Reírse solo, en la mitad de una cita o reunión, o en un espacio de trabajo, es visto por lo general como un acto de mal gusto o hasta una grosería, y quienes se percatan de que alguien empieza a hacerlo sin razón aparente siempre quieren conocer el motivo. “¿De qué te estás riendo?”, preguntan sin empacho, como reclamando el derecho a saber si se están burlando de él mismo. “No, nada”, “Una bobada”, “No me parés bolas”, es la respuesta. Y queda en el aire la duda, si se burla de mí o de mi vestido, o fue algo que dije, o está hablando de mí en el chat, y es probable que la amistad o la relación laboral se afecten por andar uno riéndose a solas en público.

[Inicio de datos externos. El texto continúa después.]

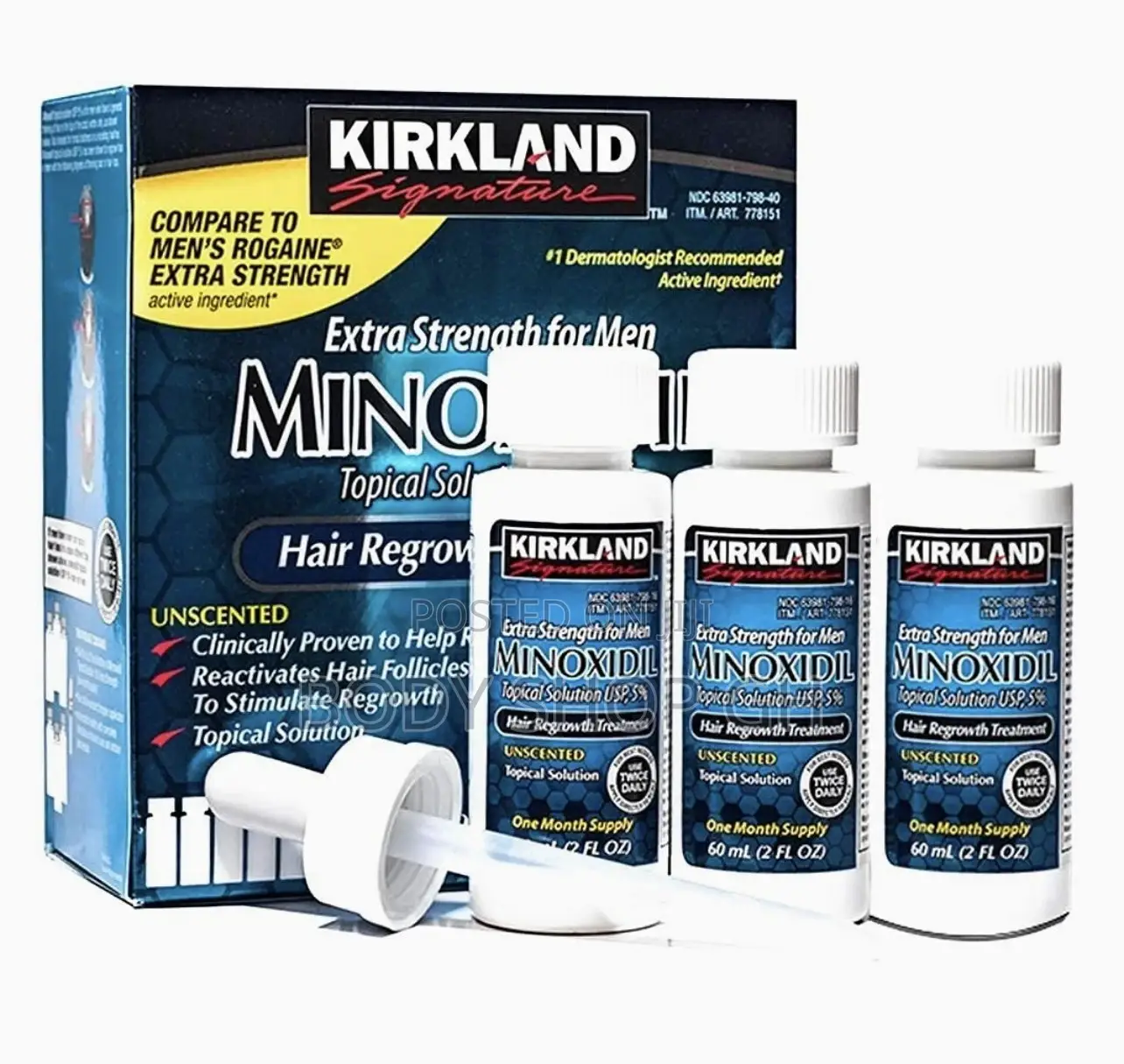 Kirkland Minoxidil 5% - Extra Strength for Hair and Beard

Este acto también acarrea la posibilidad de que a uno lo separen del grupo y del tema de conversación; que pierda credibilidad a la hora de hablar en serio; que lo tachen de loco, raro, grosero o necio. O que le toque explicar (o inventar) de manera detallada la razón de su risa, para que no crean que se burla de alguno de los presentes. Pero lo más probable es que a los demás no les de risa, al menos no tanta, y el riesgo que se corre entonces es el de ser tomado por tonto.

La opción es hacer un esfuerzo por olvidar lo que generó la risa, pensar en algo triste o doloroso. Eso, por ejemplo, le funciona muy bien a algunas personas: provocarse un intenso dolor arañándose un brazo o presionando con un bolígrafo la palma de la mano. Así, la preocupación por esa tortura ayuda a desplazar la risa.

Pero para quienes son más ágiles o expertos, una buena alternativa es el disimulo: girar la cabeza, simular un acceso de tos, escabullirse sin llamar la atención y salir de esa risa atrancada en algún baño o balcón (ya serán los desconocidos quienes lo señalen de loco).

En cualquier caso, lo menos saludable es esperar de manos cruzadas a que alguien haga una broma y ahí sí poder reírse de todo junto. Los resultados pueden ser catastróficos: sufrir uno algún tipo de afección física por constreñimiento o soltar una carcajada fuera de toda proporción y que no se corresponda con la calidad del chiste.

Sea cual fuere la destreza individual frente a este arte, que en el fondo no le causa mal a nadie, reírse a solas es de las mejores cosas que le pueden pasar al ser humano. Su maestría radica en la intimidad del momento y en la posibilidad de ser torpe y célebre a la vez.